Yes. I suprises me as to why so many take a $750 lens and a $2600 camera and try this. The lens may lose its value, and repairs to the camera would be expensive. If a person has enough money to risk damaging expensive equipment, surely he could afford a proper lens.


----------



## branden (May 26, 2011)

For what it's worth, here's an image I shot with a APS-C Sigma Fisheye lens mounted to my 5D MkII





Notice the heavy mechanical vignetting.


----------



## Cornershot (May 26, 2011)

I've had the 17-40 and currently have the 16-35. Both great lenses but I sold the former because it wasn't fast enough for what I needed. The 16-35 is just great and one of my favorites. But you won't be disappointed with the 17-40 unless you plan to use it for low light. 

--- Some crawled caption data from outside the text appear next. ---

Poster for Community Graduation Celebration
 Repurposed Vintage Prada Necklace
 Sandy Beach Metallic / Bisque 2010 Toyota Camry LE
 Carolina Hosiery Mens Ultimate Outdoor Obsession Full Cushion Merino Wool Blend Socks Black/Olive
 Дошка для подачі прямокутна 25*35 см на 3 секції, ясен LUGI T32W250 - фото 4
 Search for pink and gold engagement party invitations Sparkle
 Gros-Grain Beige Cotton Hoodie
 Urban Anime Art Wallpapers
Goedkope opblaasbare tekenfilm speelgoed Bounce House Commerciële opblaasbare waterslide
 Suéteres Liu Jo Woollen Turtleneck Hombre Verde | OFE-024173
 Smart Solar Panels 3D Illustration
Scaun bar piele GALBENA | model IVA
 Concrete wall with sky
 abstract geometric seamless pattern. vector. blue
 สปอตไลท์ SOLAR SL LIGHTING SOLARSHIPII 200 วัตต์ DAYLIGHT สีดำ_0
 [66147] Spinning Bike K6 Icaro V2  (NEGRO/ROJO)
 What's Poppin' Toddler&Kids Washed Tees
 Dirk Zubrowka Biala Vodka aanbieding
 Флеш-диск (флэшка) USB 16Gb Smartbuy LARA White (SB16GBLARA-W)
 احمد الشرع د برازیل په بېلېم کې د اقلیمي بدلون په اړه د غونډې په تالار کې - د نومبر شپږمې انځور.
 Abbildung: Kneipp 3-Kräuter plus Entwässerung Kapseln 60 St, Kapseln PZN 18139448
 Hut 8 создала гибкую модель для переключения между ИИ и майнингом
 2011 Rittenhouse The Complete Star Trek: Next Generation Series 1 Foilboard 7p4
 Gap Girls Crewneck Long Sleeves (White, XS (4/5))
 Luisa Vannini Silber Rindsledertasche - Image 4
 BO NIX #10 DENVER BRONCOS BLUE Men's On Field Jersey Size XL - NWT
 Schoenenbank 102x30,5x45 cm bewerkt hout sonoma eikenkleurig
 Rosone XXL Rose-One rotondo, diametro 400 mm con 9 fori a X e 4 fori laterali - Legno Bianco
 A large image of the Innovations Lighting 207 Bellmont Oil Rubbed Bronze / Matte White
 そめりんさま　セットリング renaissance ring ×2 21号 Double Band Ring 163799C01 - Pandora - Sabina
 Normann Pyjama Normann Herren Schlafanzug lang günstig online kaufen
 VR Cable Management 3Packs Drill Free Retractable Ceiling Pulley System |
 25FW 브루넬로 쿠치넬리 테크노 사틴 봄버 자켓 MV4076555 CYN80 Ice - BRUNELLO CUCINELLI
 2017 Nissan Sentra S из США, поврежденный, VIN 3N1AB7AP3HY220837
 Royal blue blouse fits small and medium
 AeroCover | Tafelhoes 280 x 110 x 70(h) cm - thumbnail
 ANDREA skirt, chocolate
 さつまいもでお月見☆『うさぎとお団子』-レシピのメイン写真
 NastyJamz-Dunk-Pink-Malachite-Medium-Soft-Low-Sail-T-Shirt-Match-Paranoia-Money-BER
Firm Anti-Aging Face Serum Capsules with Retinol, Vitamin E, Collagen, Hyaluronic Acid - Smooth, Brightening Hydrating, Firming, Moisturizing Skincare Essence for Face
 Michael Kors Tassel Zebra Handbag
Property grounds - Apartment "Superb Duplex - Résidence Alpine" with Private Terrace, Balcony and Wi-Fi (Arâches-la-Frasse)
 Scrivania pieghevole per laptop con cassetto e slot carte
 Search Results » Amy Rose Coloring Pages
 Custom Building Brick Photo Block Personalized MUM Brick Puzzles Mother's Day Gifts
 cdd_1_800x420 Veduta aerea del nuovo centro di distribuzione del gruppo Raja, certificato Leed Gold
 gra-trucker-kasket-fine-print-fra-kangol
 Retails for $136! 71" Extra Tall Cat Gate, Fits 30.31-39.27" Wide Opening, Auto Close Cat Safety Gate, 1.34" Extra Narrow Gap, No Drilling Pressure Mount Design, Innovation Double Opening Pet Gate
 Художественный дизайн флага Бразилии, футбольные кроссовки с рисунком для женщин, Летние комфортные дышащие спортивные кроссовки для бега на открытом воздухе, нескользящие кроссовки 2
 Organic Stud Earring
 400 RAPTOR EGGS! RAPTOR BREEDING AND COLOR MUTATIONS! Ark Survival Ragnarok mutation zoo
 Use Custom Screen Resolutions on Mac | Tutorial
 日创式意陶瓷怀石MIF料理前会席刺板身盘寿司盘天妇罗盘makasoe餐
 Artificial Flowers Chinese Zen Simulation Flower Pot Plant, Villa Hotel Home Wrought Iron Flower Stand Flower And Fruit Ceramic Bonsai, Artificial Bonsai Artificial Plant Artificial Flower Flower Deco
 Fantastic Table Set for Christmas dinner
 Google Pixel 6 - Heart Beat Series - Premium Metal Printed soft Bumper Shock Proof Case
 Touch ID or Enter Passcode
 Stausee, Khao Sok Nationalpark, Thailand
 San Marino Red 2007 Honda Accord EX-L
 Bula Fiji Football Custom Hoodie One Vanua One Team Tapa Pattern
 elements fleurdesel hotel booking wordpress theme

There is one great older film lens that you can get that works really well that might be worth considering if you're on a budget. It's the Tamron 20-40mm. It's f2.7 on the wide end and 3.5 on the long. But it's very sharp and fairly cheap if you can get a clean example.


----------



## Admin US West (May 27, 2011)

I had the Canon 17-40mm, and it was sharp, but I could never seem to want to use it, so I sold it. I found a used Tokina 17mm f/3.5 prime for well under $200, and find it to be at least as good as the 17-40mm L. The build is supurb.

From my 17-40mm L and 5D MK II:







A quick snapshot with the Tokina and 5D MK II a couple of days after I bought it last fall.


----------



## sharagim1 (May 27, 2011)

thanks a lot guys for your response with sample of imges, it was my big mistake for chnage mind of buy 17-40,
in last minute, i should to buy it , and i hope discribe my question a couple of days ago, anyway now i just have 5d markll withut any wide lens, i have plan for buy it , thanks guys .

my grear: canon 7d, canon lens 70-200,2.8,usm ll, canon lens 85mm.1.8, canon lens 28-135 , canon lens 10-22 ultra wide
canon 5d markll


----------